Community Kitchen Founded by Concordia Student Celebrates Eight Years of Service

Community Kitchen Founded by Concordia Student Celebrates Eight Years of Service

In her fourth year of study toward a BA/MS in Lutheran Childhood Teacher Education, Concordia College student Victoria Garloch also sings with the Concordia Community Choir, serves as Secretary of the Campus Christian Ministries Club, tutors students in history, is a Morning Reflection leader, and recently started a new campus book club.

Despite this daunting load, Victoria also finds time to run the Warwick Community Kitchen, a soup kitchen that serves monthly meals to families or individuals in need of a meal or fellowship with their neighbors, which she founded eight years ago as a freshman in high school.

While searching for a Girl Scout Gold Award project that would have a lasting impact, she volunteered for a Midnight Run, and the experience had a profound effect on her.

“I grew up in rural Warwick, and at that age the thought of being among the homeless in Manhattan made me so nervous and uncomfortable that it was hard to even get out of the car. As I was handing out soup at the last stop, a man approached me – he was in a wheel-chair because his leg had been amputated – and my nervousness grew. But when he asked, ‘Can I have some soup, please?’ my fear just went away, replaced by a strong desire to help the less fortunate in my community.”  
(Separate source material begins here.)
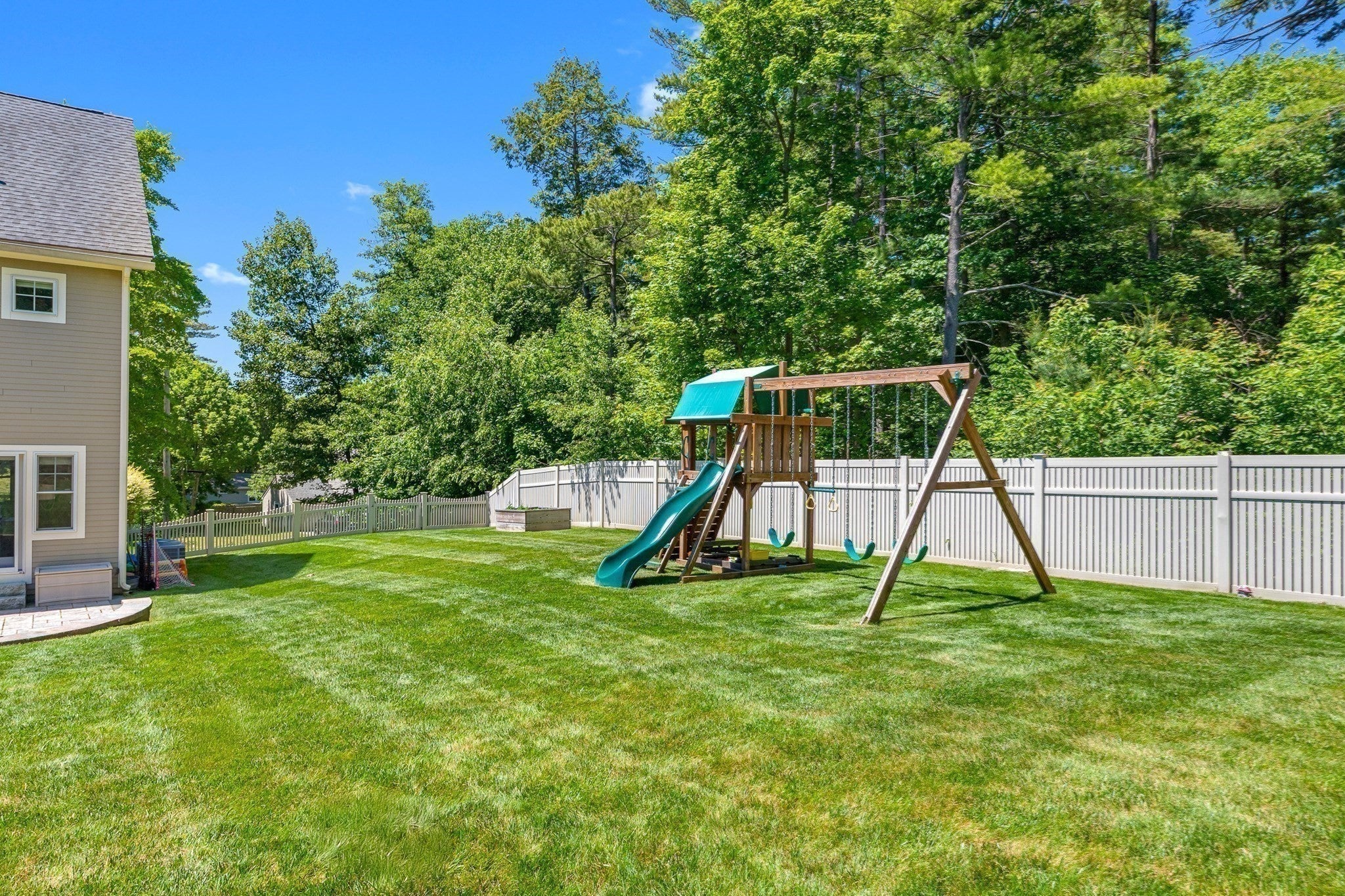 5 Lakeshore Ave, Beverly, MA Photo #34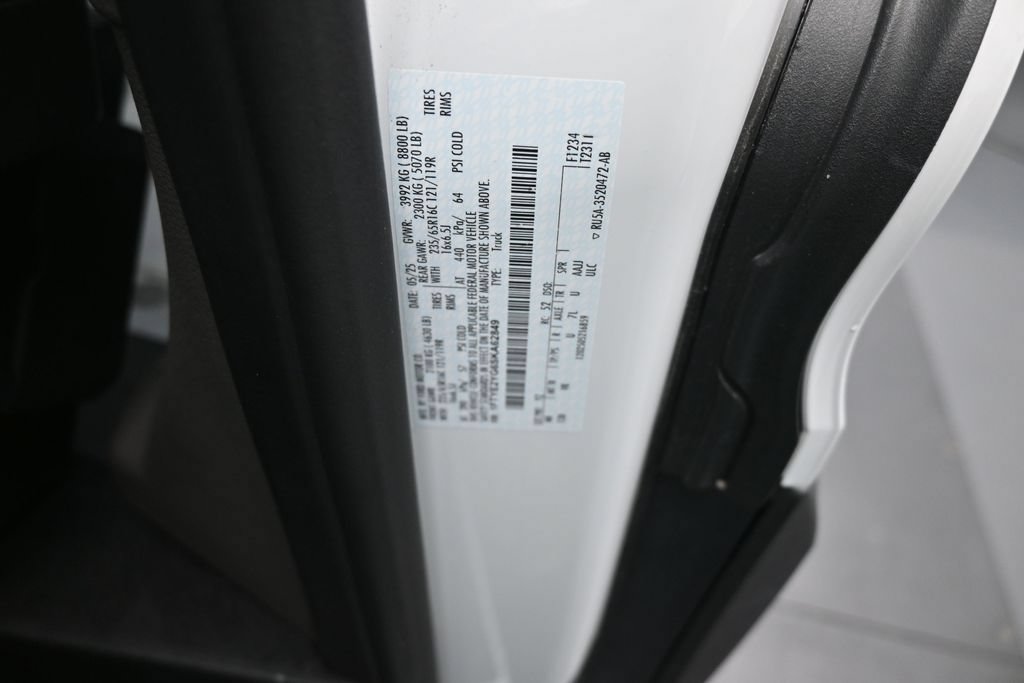 Certified 2025 Ford Transit 150 Low Roof AWD image 21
Victoria didn’t have to look far to find people in need. Just that fall both of her uncle’s farms had been destroyed by Hurricane Irene. “I knew that the migrant farm workers he was forced to lay off would be destitute. My own family is working-class, and we have been to food banks at times, but these families live on far less.”

She knew that a church rented part of her former elementary school, now closed, so she approached the superintendent for permission to serve meals in the space. With the help of family members (her father has a culinary degree) and other volunteers, the Warwick Community Kitchen served 56 people at its first meal.

The Kitchen now serves between 100 and 120 people at each monthly meal, and also provides a packed lunch to bring home for the next day. Over time The Kitchen has come to serve a need for connection as well sustenance. Birthdays and anniversaries are celebrated. Senior citizens stay to play cards. Victoria arranges arts and crafts for the children, and a station is set up for her sister Rebecca and other volunteers paint guests’ nails. The Kitchen serves over 250 people at Thanksgiving, and even more at Christmas, when a bilingual Santa arrives with toys and gifts.

Victoria has been active in soliciting grants and sponsorships, and dozens of local businesses and citizens have given generously, including the town’s fire fighters, police officers and sanitation workers.    

“It feels great,” says Victoria. “The surprise is that it’s become like a family. We’ve built a community among the people who come each month. A migrant family expecting their youngest child came to the first meal we served – now, eight years later, I’ve been to their house and gotten to seen their children grow up.”